§ **What is required**: What is needed is an exact reproduction of the listing, without its pictures.

§ **Supplied material**:
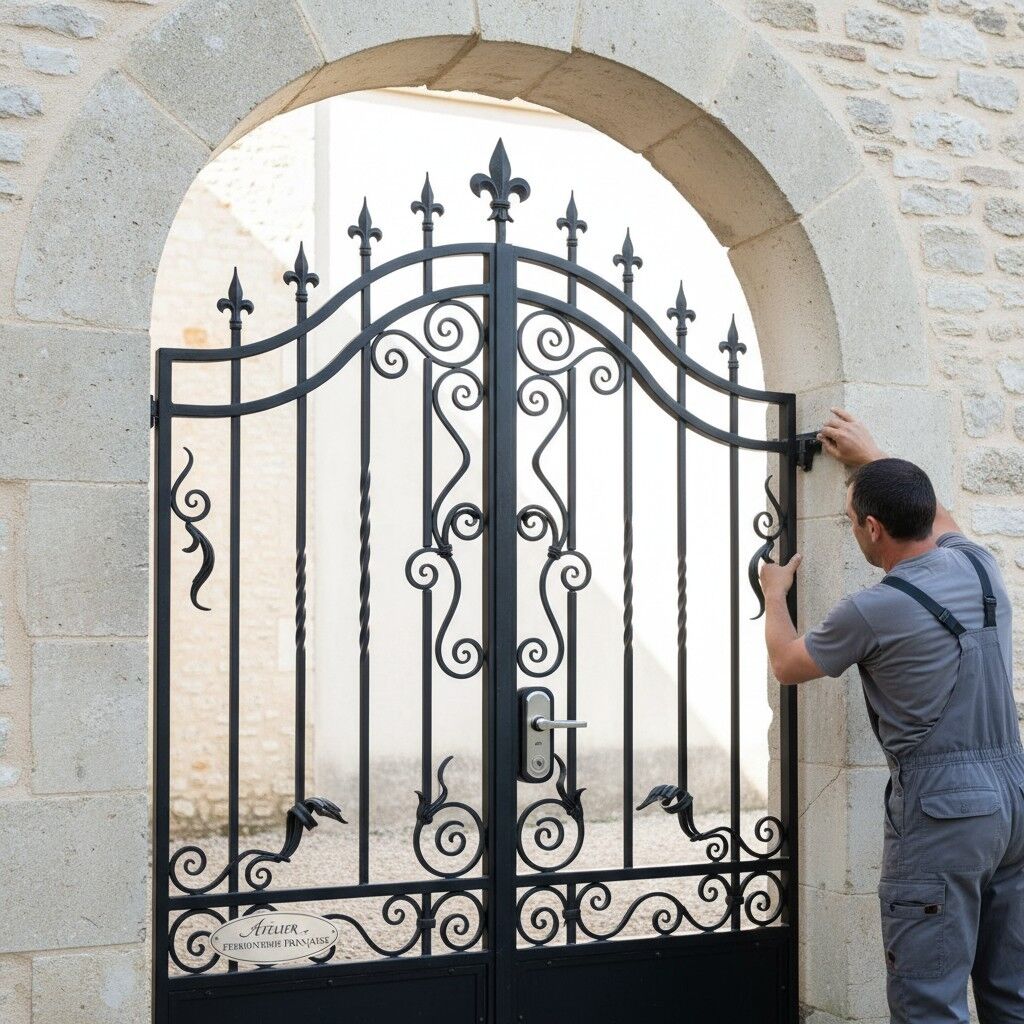 ACCES SECURITE MULTI SERVICES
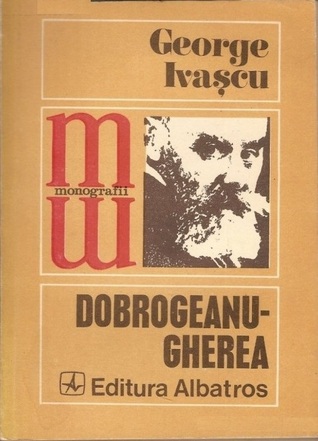 Dobrogeanu-Gherea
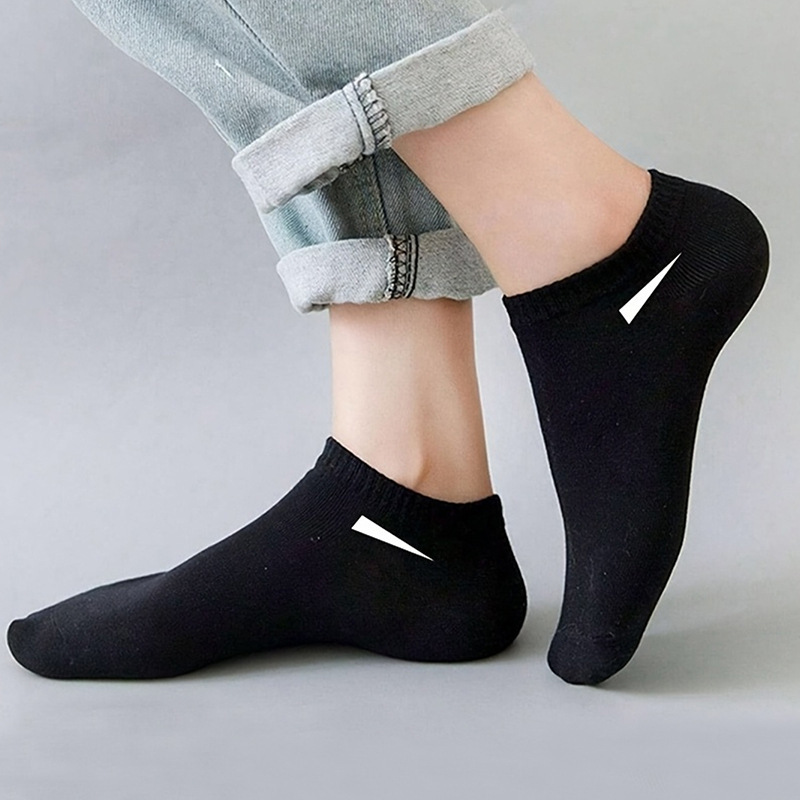 10/20 Pairs Men Women's Low-Cu - Ankle Sock Low Cut 리뷰 및 가격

§ **Answer**:
 ACCES SECURITE MULTI SERVICES
 Dobrogeanu-Gherea
 10/20 Pairs Men Women's Low-Cu - Ankle Sock Low Cut 리뷰 및 가격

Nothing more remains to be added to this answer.